To do -
Your answer should be an exact copy of the lines from the one holding "Narrow Rolled Hem" to the end of the material below, pictures left out.

Data under study -
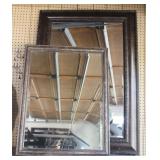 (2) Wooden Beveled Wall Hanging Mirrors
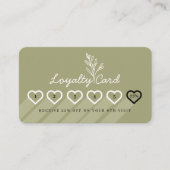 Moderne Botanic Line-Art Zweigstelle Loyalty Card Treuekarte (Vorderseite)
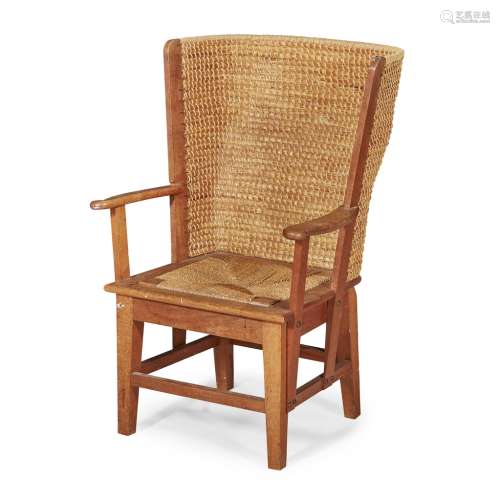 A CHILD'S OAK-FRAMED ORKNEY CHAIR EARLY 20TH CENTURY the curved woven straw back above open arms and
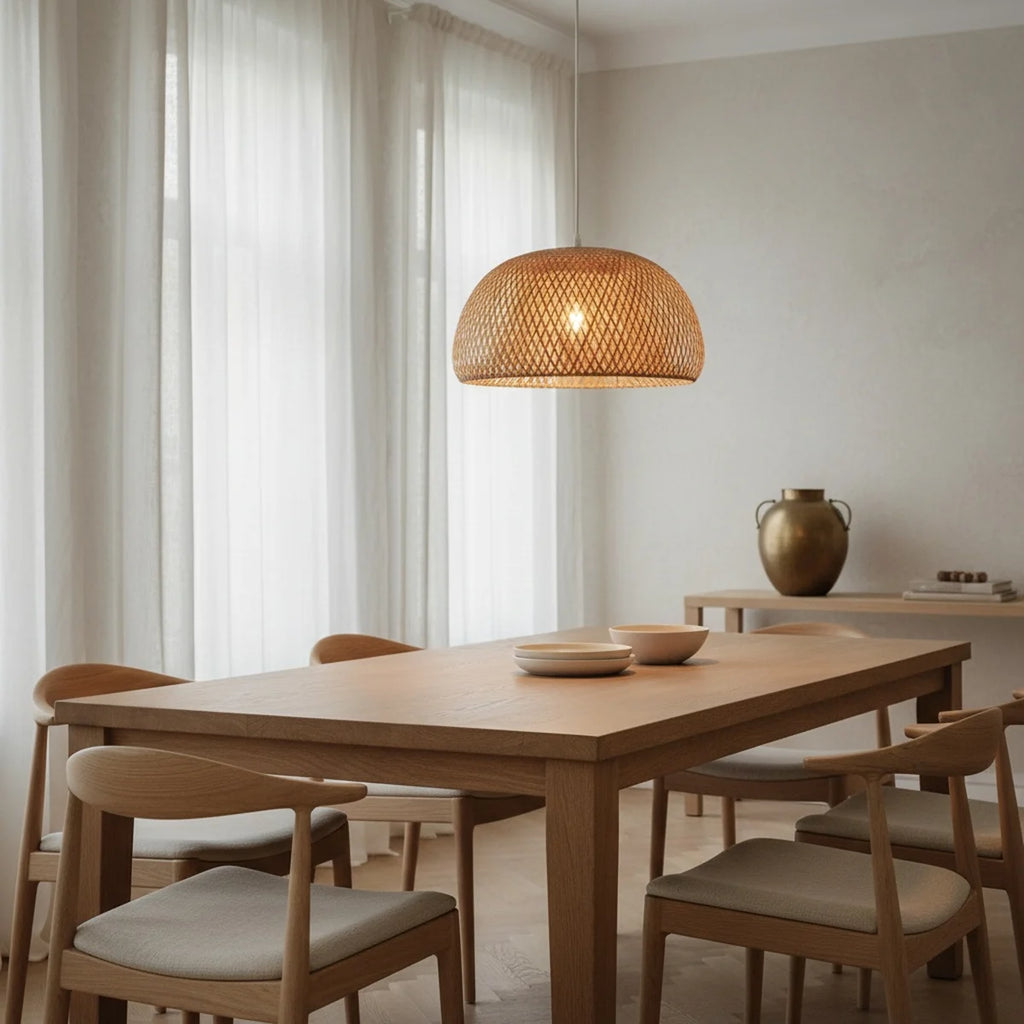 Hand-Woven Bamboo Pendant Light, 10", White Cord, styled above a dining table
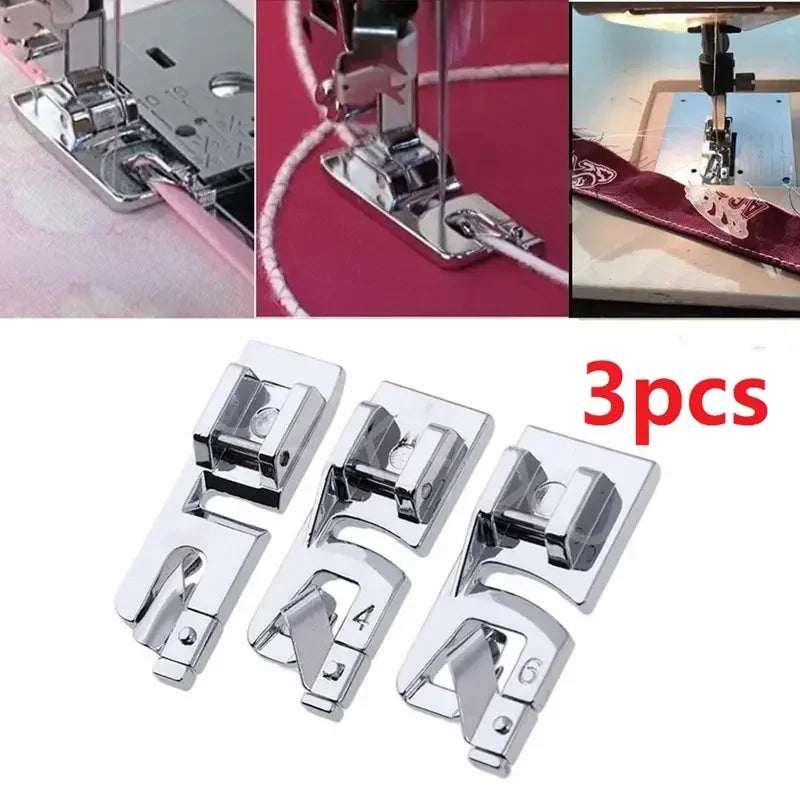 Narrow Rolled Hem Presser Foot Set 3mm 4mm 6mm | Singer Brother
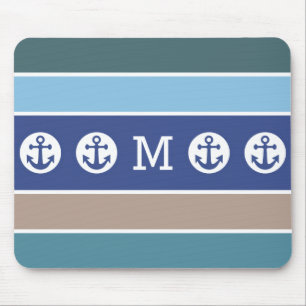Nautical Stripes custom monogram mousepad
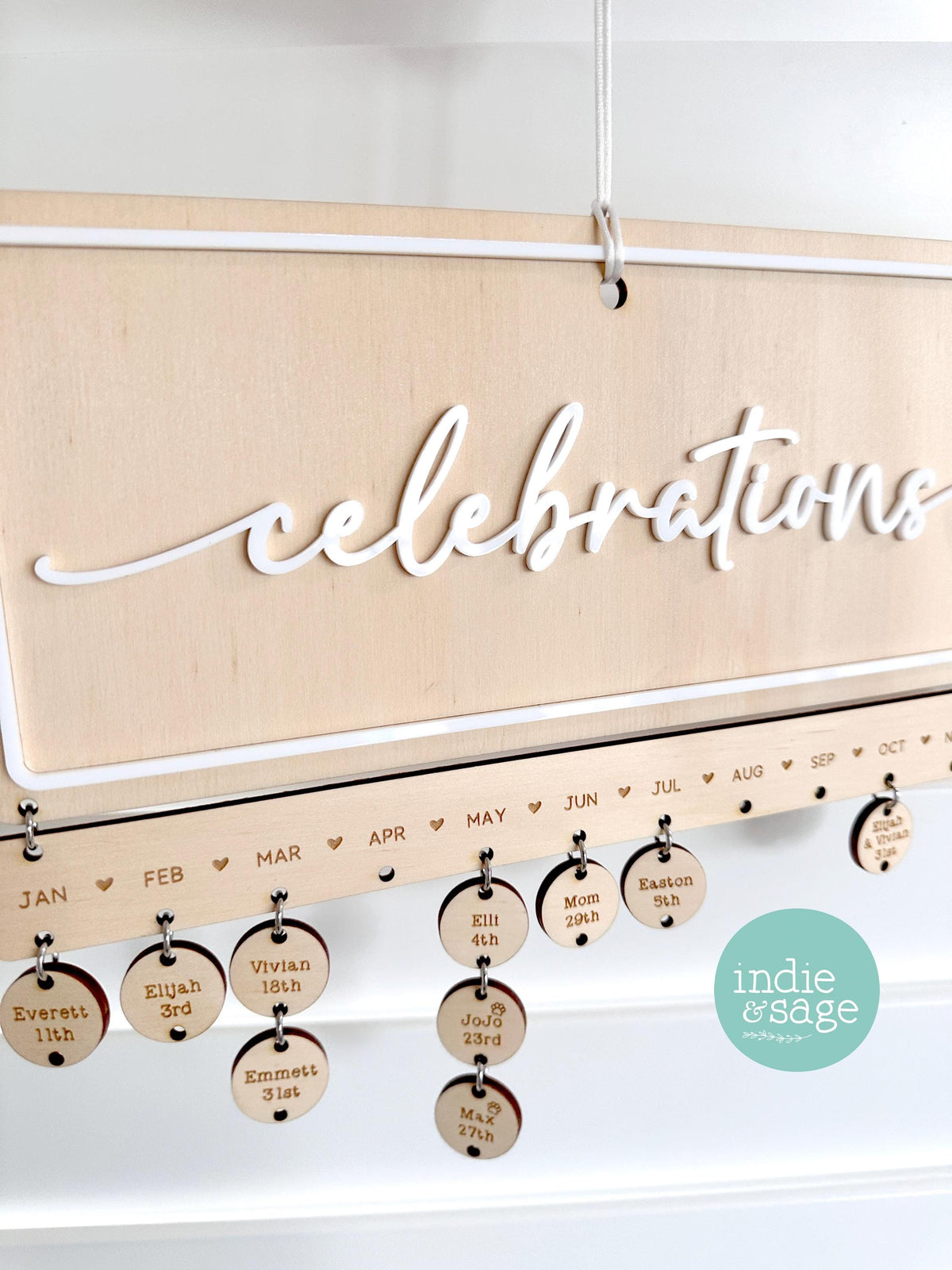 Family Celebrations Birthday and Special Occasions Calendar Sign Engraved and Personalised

Answer box -
 Narrow Rolled Hem Presser Foot Set 3mm 4mm 6mm | Singer Brother
Nautical Stripes custom monogram mousepad
 Family Celebrations Birthday and Special Occasions Calendar Sign Engraved and Personalised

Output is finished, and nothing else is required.